Following the Achaemenids’ permission to return to Palestine and restore the Judean cult, there is virtually no specific evidence concerning the status of the Jewish community of Babylon. That such a community remained there is evident from its mention, for example, as the home of Ezra, and from its existence in post-Achaemenid times. Later tradition emphasizes the continuity of the Babylonian community; the Seder Olam Zuta sets forth a line of exilarchs back to the deported Jehoiachin (Jeconiah), the next to last of the kings of Judah – evidence at least that the idea of exiles who did not return was credible later on. Scholars have sought to document Jewish business success in Babylonia on the basis of personal names in cuneiform texts of the family of Murashu in Nippur from the reign of Artaxerxes I, an attempt which while plausible puts severe strain on the linguistic evidence. That, in the course of time, Jews attained positions of privilege and responsibility is inferred from Nehemiah’s service as cupbearerat the Achaemenid court. Some may not have been trusted; Eusebius (Eusebius Werke, ed. by R. Helm 7 (1956), 112–3) relates Artaxerxes III’s deportation of Jews to Hyrcania, on the Caspian Sea, as the result of a revolt around 350 B.C.E.
Alexander led a Macedonian army in the conquest of Babylon in 331 B.C.E. and died there after his Bactrian and Indian campaigns in 323. His generals thereupon dismembered his empire in a struggle for control of it. The dynasty of Seleucus, which was to rule Mesopotamia for two centuries, was heir to a domain without a stable ethnic base or heartland. Whereas Persians had been rulers of “Iran and non-Iran,” as later usage put it, the Macedonian Seleucids were rulers only of non-Macedonia. Seleucid imperial policy, therefore, began as a colonial policy throughout all the realm: it called for the founding of new cities, populated by immigrant Macedonian and Greek garrisons, administrators, and merchants, strategically situated and fortified along the principal roads and rivers. Seleucia on the Tigris, founded by Seleucus I, was one of these, and it tended to flourish at Babylon’s expense. Antiochus I transferred a considerable Semitic population to Seleucia from Babylon in 275 B.C.E., a policy of centralization causing a decline in Babylon’s material fortunes which is documented in cuneiform literature.

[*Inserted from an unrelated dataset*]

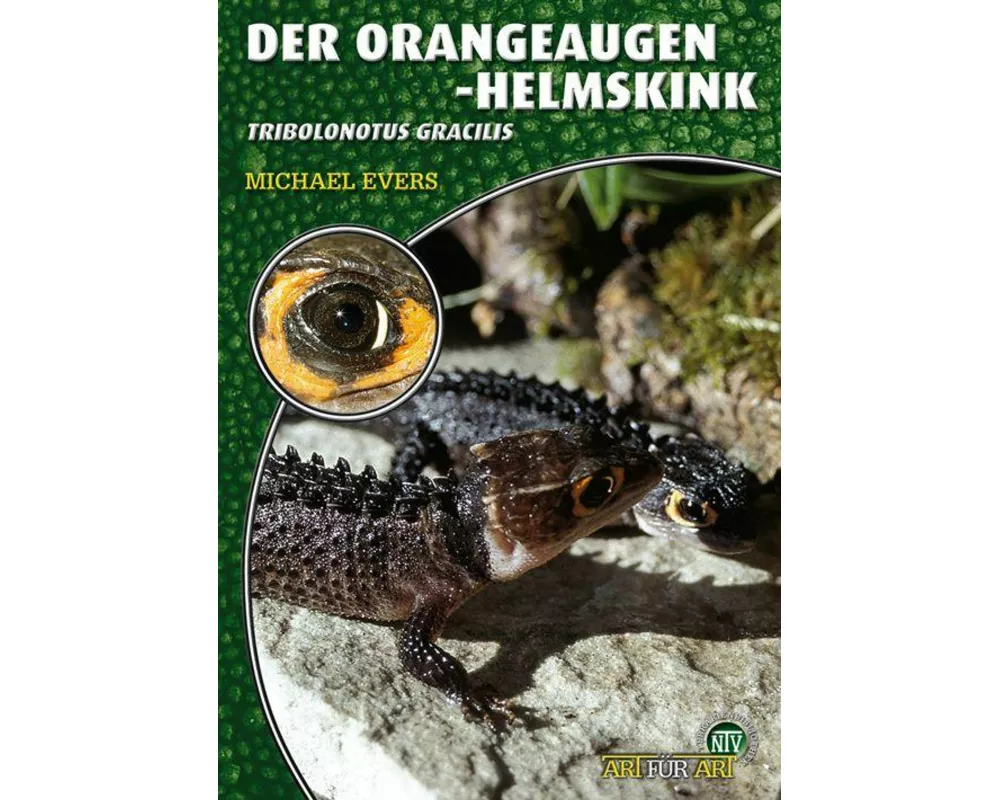 Der Orangeaugen-Helmskink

The initial Hellenization of Babylonia was followed in time by a more complex interaction between Seleucid institutions and those of the indigenous populations. In the name of royal if not divine prerogative, Antiochus III began to tap temple treasuries to pay the indemnity he owed after losing to the Romans, but encountered stiff resistance and was killed during one such attempt at a temple in Elam in 187. Antiochus IV sought to strengthen a shaky empire by extending Greek communities and institutions in the older centers of the empire, including a refurbishing of Babylon. But it was a desperate and futile attempt to stem the tide of history, and amounted to a Greek veneer on Semitic Babylon; the old local institutions survived, and individuals bore double, Greek-Babylonian, names. The Babylonia which came under Parthian rule in 129 B.C.E. was still ethnically and culturally heterogeneous.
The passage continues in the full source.